President Biden fell on the stairs of Air Force One three times this week, which is a pretty good metaphor for his first attempts at diplomacy. In one week, Biden, Secretary of State Antony Blinken, and National Security Adviser Jake Sullivan have managed to get beaten up by the Chinese and were contemptuously ignored by the North Koreans, and Biden personally stirred up Russian animosity for no good reason.

Following Biden’s promise to make Russia pay a price for its alleged interference in the 2020 election, George Stephanopoulos asked Biden if he thought Putin was a killer. Biden responded casually, “Mmmhmm, I do,” which, of course, is correct.

Biden’s remark wasn’t tied to any specific facts or to any diplomatic push against Putin. His remark, if accompanied by new sanctions on Russia for its many aggressions — including the alleged interference in the election — would have been entirely appropriate. But it had no such useful purpose. In response, Putin mocked Biden with a schoolyard response, saying, “I know you are, but what am I?” and wished Biden good health. On more serious notes, Putin recalled his ambassador to the U.S. and challenged Biden to a live debate. Biden’s press secretary, Jen Psaki, dodged a question on whether Biden would accept the Russian’s challenge.

It’s almost always a good idea to spank the Russians, but doing so as Biden did was pointless.

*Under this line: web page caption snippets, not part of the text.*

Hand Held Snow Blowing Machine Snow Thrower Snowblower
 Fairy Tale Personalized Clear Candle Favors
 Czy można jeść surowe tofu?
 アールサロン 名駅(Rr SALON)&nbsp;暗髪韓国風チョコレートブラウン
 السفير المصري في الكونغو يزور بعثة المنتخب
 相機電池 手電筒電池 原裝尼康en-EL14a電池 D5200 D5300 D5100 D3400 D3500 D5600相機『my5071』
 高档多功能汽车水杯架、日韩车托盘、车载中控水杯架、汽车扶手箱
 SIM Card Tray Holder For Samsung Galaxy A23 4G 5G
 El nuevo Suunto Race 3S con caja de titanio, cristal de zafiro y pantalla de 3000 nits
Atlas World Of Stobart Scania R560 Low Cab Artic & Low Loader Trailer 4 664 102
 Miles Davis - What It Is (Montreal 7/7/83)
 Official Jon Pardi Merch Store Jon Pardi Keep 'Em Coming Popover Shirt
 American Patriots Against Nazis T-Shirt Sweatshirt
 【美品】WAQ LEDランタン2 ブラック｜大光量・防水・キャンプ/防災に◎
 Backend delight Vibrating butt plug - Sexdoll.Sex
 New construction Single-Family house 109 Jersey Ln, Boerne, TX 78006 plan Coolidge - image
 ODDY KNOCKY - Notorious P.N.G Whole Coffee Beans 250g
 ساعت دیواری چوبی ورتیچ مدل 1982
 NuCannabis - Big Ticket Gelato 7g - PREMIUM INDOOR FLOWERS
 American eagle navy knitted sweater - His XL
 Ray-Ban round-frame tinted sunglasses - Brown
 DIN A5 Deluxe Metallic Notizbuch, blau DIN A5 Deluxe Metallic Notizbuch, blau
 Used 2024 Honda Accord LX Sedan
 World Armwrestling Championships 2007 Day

Since February, Biden has reportedly tried to open talks with the North Koreans by making contact through their UN mission in New York. Choe Son Hui, the Norks’ first vice minister of foreign affairs, called the attempted outreach a “cheap trick” and said, “It will only be a waste of time to sit with the U.S. as it is not ready to feel and accept new change and new times.”

When Blinken used the term “denuclearization of North Korea” during his visit to Tokyo and Seoul last week, Ms. Choe called that a “lunatic theory.”

The “new change” and “new times” she referred to were U.S. acceptance of North Korea as a nuclear power and our giving up on the idea of “denuclearizing” the Korean Peninsula. And, like the Iranians, the Norks want relief from U.S. sanctions.

The Norks are taking a page from the Iranians, who have demanded that Biden remove all the “maximum pressure” economic sanctions former President Trump imposed before they would even consider pretending to comply with former President Obama’s 2015 nuclear weapons deal with them. Biden’s stated goal of rejoining the 2015 deal — which Trump revoked — is thus stalled. The Iranians have been violating that deal long, hard, and continuously, but they believe Biden will blink first, and he probably will.

Iran and North Korea can afford to play that game because China is buying a lot of Iranian and Venezuelan oil, some of which is undoubtedly being sent to the Norks. (Iran is reportedly buying almost one million barrels a day of Iranian oil.) Thus Iran’s economy is propped up, and so is North Korea’s. North Korea receives both oil and food supplies from China, supporting Kim Jong Un’s regime, which goes its merry way, further developing its nuclear and missile arsenals.

Biden has no answer to China’s propping up of North Korea, Iran, and Venezuela. Though Biden hasn’t yet met with Chinese President Xi Jinping, the first meeting between their senior representatives took place in Alaska last week. Blinken had his lunch eaten by some of China’s “wolf warrior” diplomats.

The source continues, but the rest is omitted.